Les grands modernistes sont Donald Judd, Frank Stella, Elsworth Kelly ou, en France,
Daniel Buren et Olivier Mosset. Mais à certains égards, Steven Parrino en est un
également, dont tout le vocabulaire pictural est redevable du modernisme : grands
monochromes noirs, travail sur la toile proche de celui du groupe Support/Surface. Sinon
que Steven Parrino est aussi le témoin de la crise du modernisme, c’est-à-dire de
l’impossibilité qu’auront très vite rencontrée les artistes proche de Greenberg d’aller audelà d’une sorte de mutisme formaliste progressivement privé de tout contenu sensible,
politique ou même esthétique.

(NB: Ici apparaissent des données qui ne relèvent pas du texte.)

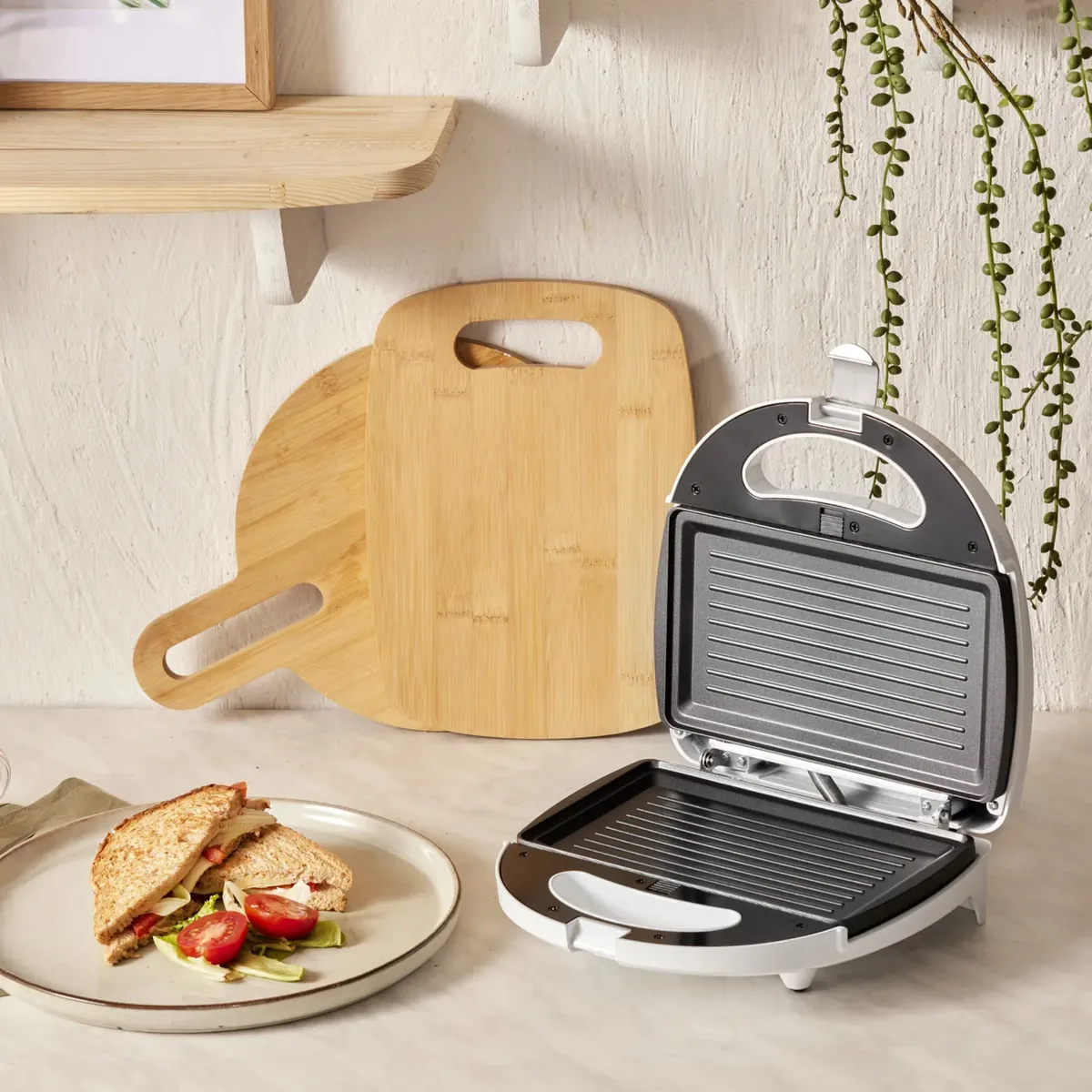 Homend Toastbuster 1309H Toaster mit abnehmbaren Blechen Silber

Précisément, Steven Parrino est contemporain d’un
sentiment d’épuisement de l’art, parvenu à son essence, mais pour y disparaître, pour
reprendre les mots d’un autre moderniste, mais en littérature, Maurice Blanchot. Il est le
contemporain de la fin de l’art, de la mort de la peinture, qu’il va tenter de surmonter en s’y
enfonçant encore davantage.
L’œuvre de Steven Parrino peut se comprendre comme un essai pour continuer de faire
de l’art avec le rien légué par l’histoire de l’art. C’est ainsi qu’il troue ses monochromes ou
qu’il leur fait subir toutes sortes de violences. Paradoxalement, ce geste de destruction ou
de profanation restitue aux œuvres inexpressives du modernisme une forme de vie, de
pathétique. Planes et froides, elles deviennent plissées comme une peau, maltraitées
comme un corps souffrant. On croit les entendre gémir. De sorte que Steven Parrino peut
aussi bien apparaître comme le dernier moderniste que comme le premier maniériste du
vingtième siècle, son art tout en pli évoquant les dépositions du Christ d’un Zurbaran ou
d’un Gréco.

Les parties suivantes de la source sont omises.